## Exercise requirements
For the entries that follow, retype exactly the lines from the one containing "24376 Rutherford Road" to the one containing "wetlook-louise in blauer", inclusive, and only those. Images stay out of the copy.

## Extracted material
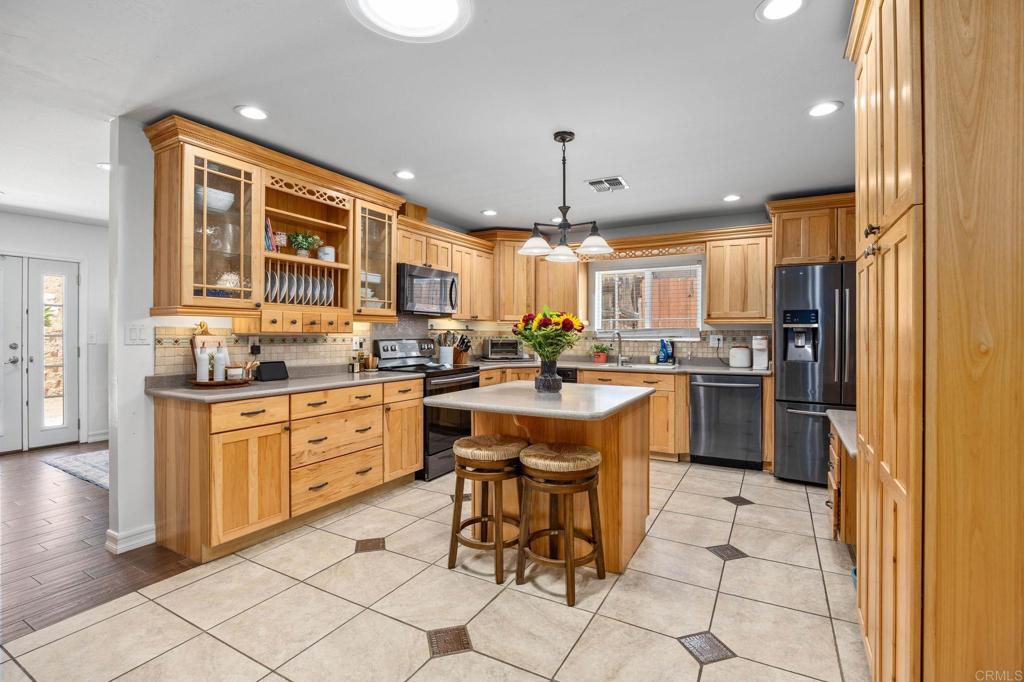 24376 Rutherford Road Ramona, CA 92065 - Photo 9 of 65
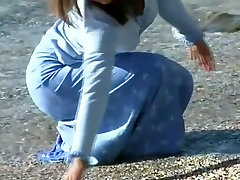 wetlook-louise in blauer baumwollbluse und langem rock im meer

...

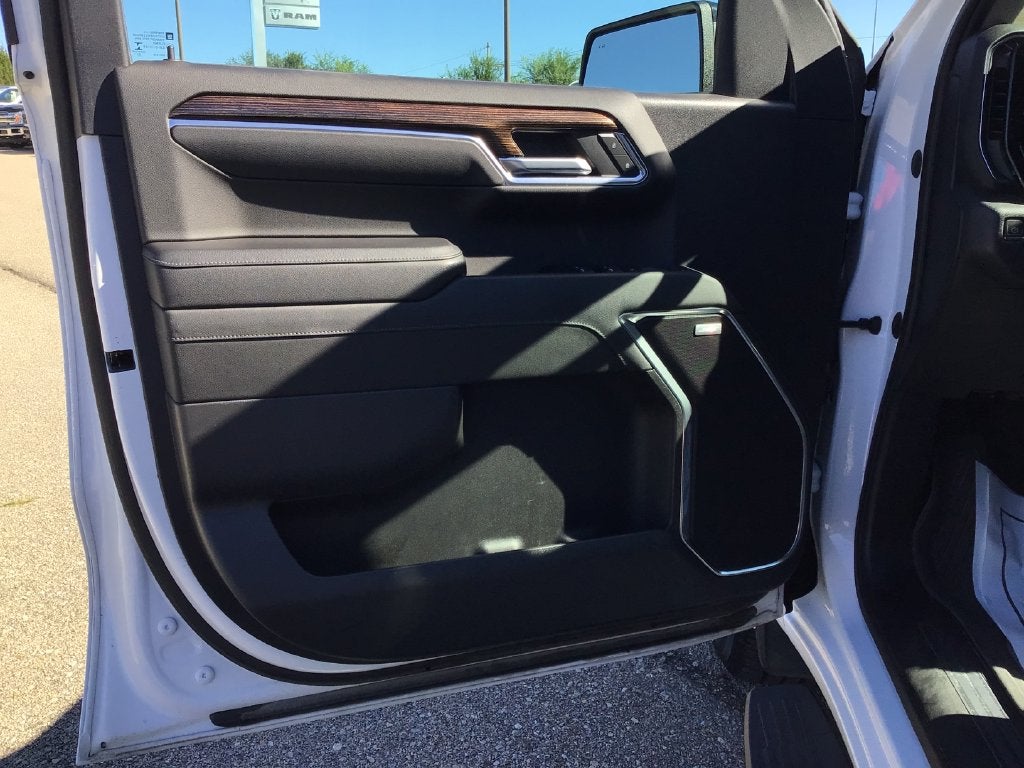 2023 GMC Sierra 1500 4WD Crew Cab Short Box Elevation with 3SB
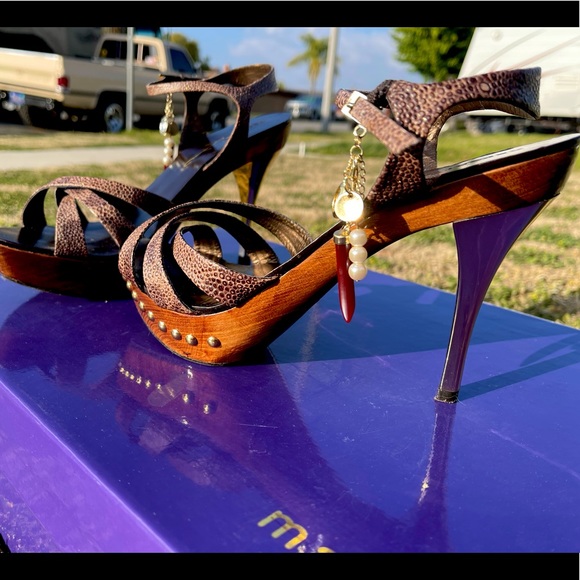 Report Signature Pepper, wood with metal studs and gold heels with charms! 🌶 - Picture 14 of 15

## Answer space
 24376 Rutherford Road Ramona, CA 92065 - Photo 9 of 65
 wetlook-louise in blauer baumwollbluse und langem rock im meer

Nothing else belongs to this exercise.